Но дело было не в количестве. Сам факт существования людей, открыто бросивших вызов тоталитарному рабству и выстоявших, несмотря на всю ярость государства, имел колоссальное моральное значение для страны. Так, видимо, верующему человеку, погрязшему в мирской скверне, важно знать, что где-то в монастыре такие же, как он, смертные живут «по правде». И, глядишь, одно это знание удержит его иной раз от соблазна. Во всяком случае, нечто подобное ощущалось в отношении к нам как со стороны надзирателей, так и уголовников. Никогда не забуду, как из лагеря, где я был единственным политзаключенным, уходил на этап местный «пахан» и, собравши «воров», отдавал последние наказы. Под конец же, ткнув в меня пальцем, сказал сурово:
— А этого берегите. Мы сидим каждый за свое, а он — за общее.
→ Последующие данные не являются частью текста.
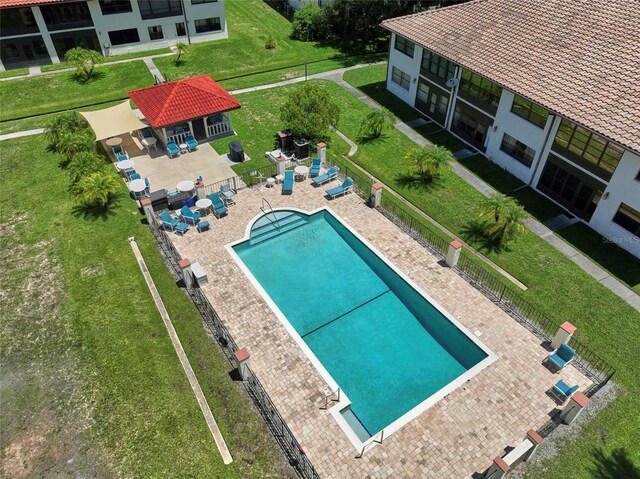 view of pool with a patio and a yard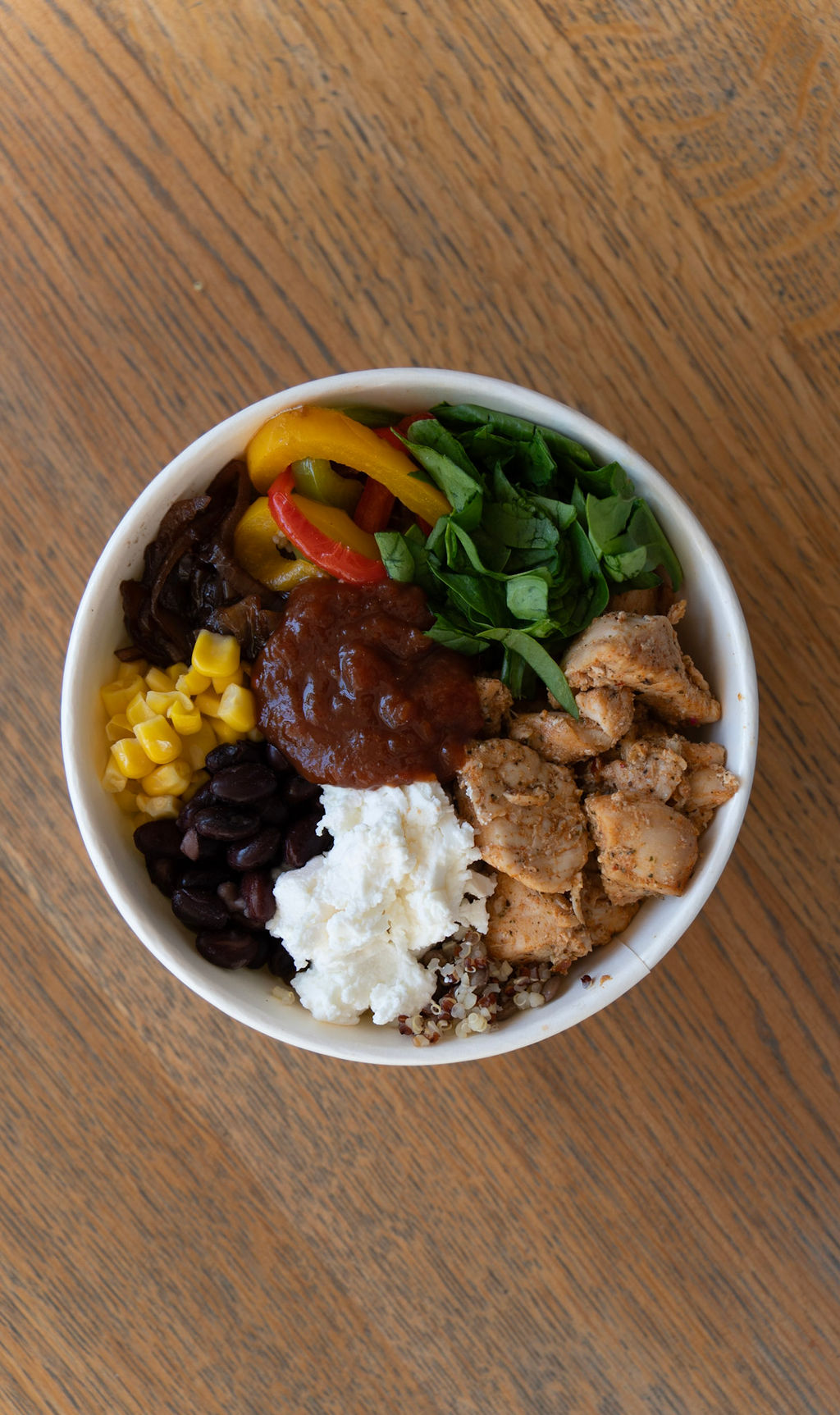 Mexican-style grain bowl with chicken, feta, corn and beans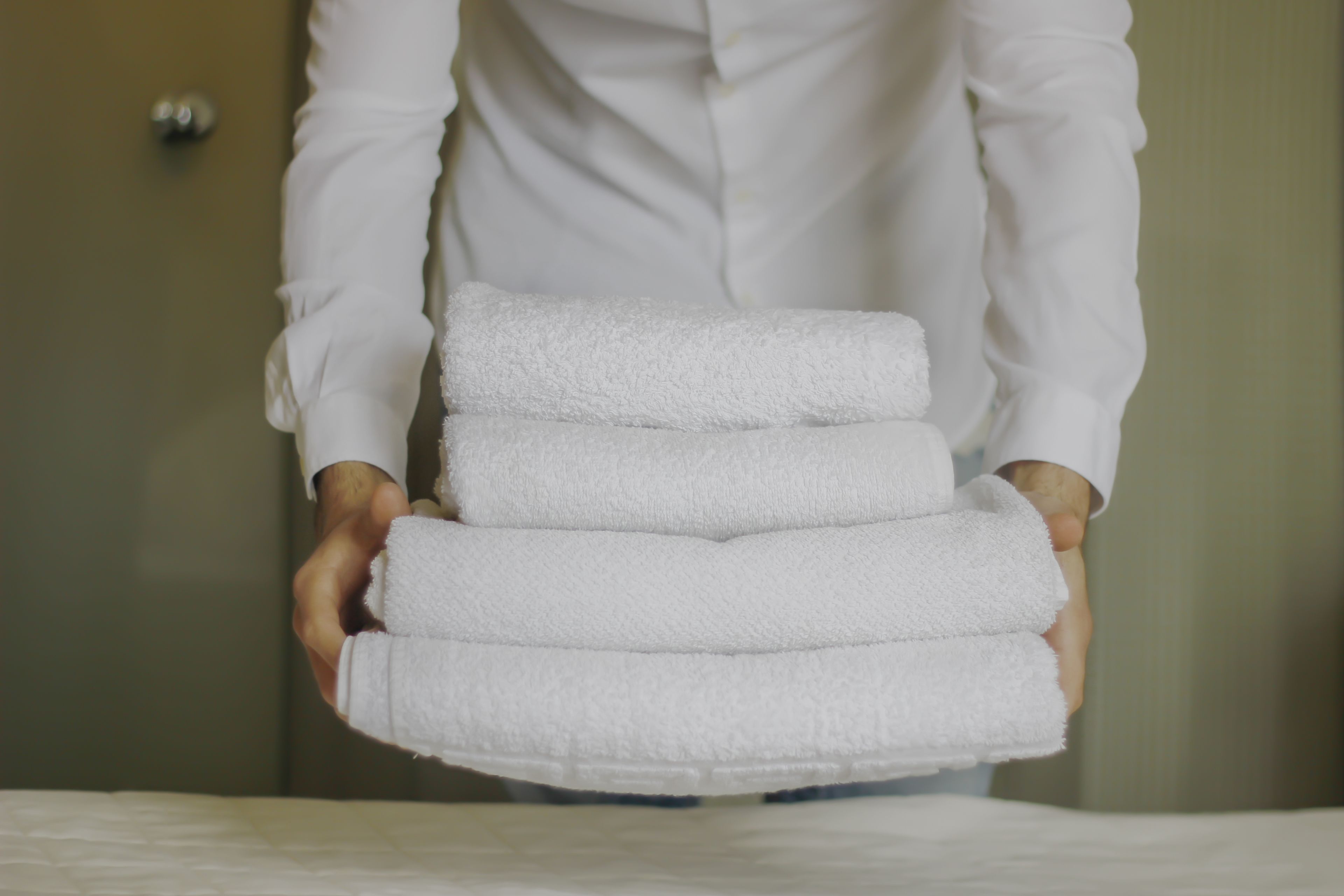 A person holding a stack of white towels.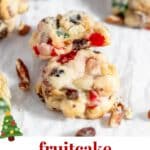 Two fruitcake cookies staggered on top of each other on a piece of parchment paper with a text overlay over the image.
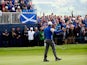 Rory McIlroy of Europe celebrates his putt on the 6th green during the Singles Matches of the 2014 Ryder Cup on the PGA Centenary course at Gleneagles on September 28, 2014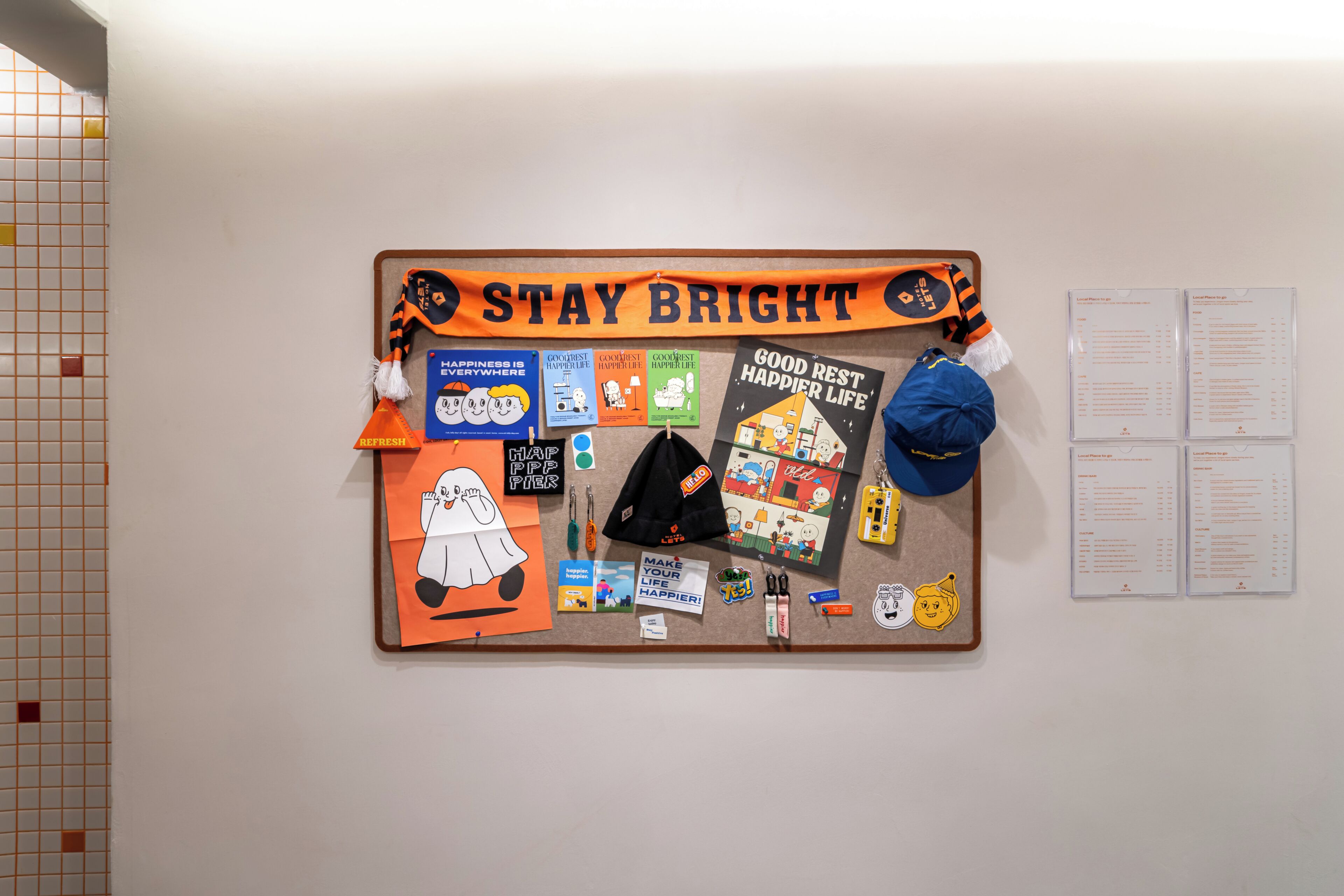 Un tablón de anuncios con carteles motivacionales, un letrero que dice 'Stay Bright' y varios objetos pequeños como un sombrero y un llavero.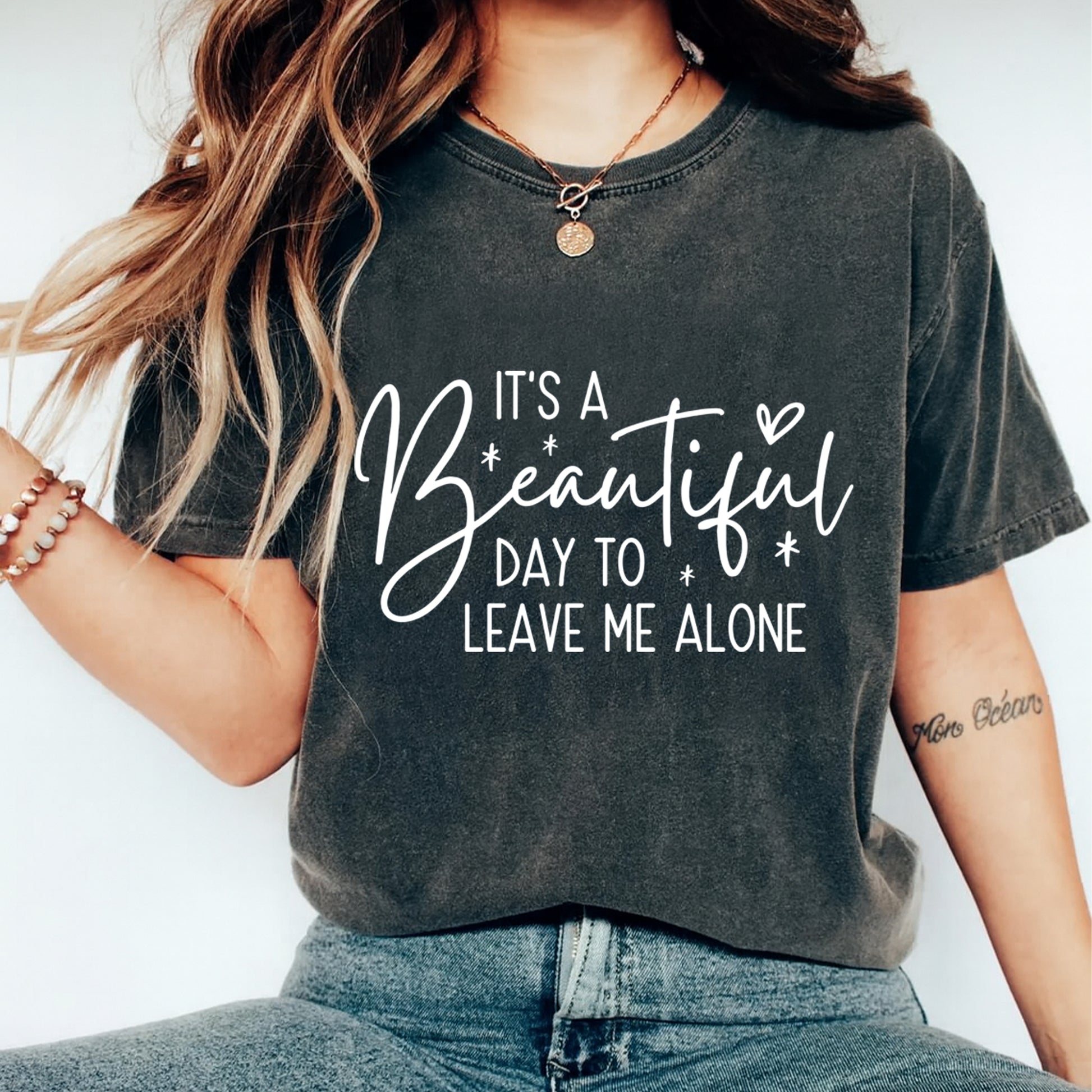 woman wearing dark t shirt with sarcastic quote dtf transfer saying its a beautiful day to leave me alone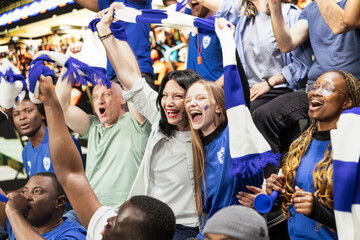 Fototapeta premium Passionate blue women supporters cheering with raised arms in packed stadium stands during intense soccer match atmosphere. Sports fans celebrate every goal, football culture equality.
Удивительно, что десятилетия коммунизма не смогли вытравить из людей такие понятия. Надзиратели же смотрели на нас почти с суеверным почтением. Всегда, даже во Владимирской тюрьме, находился среди них кто-то, соглашавшийся отправить нелегально письмо или передать записку в другую камеру. Учитывая, как много и подробно сообщали о нас тогда зарубежные радиостанции, можно только гадать, какой эффект производило наше пребывание, скажем, в той же Владимирской тюрьме на население города. Особенно в периоды наших голодовок и забастовок. Оттого, наверное, ни один обком не соглашался держать нас на территории своей области, придумывали любые причины, только чтобы от нас избавиться, а ЦК не знал, куда бы нас подальше засунуть. Дебаты на эту тему тянулись годами.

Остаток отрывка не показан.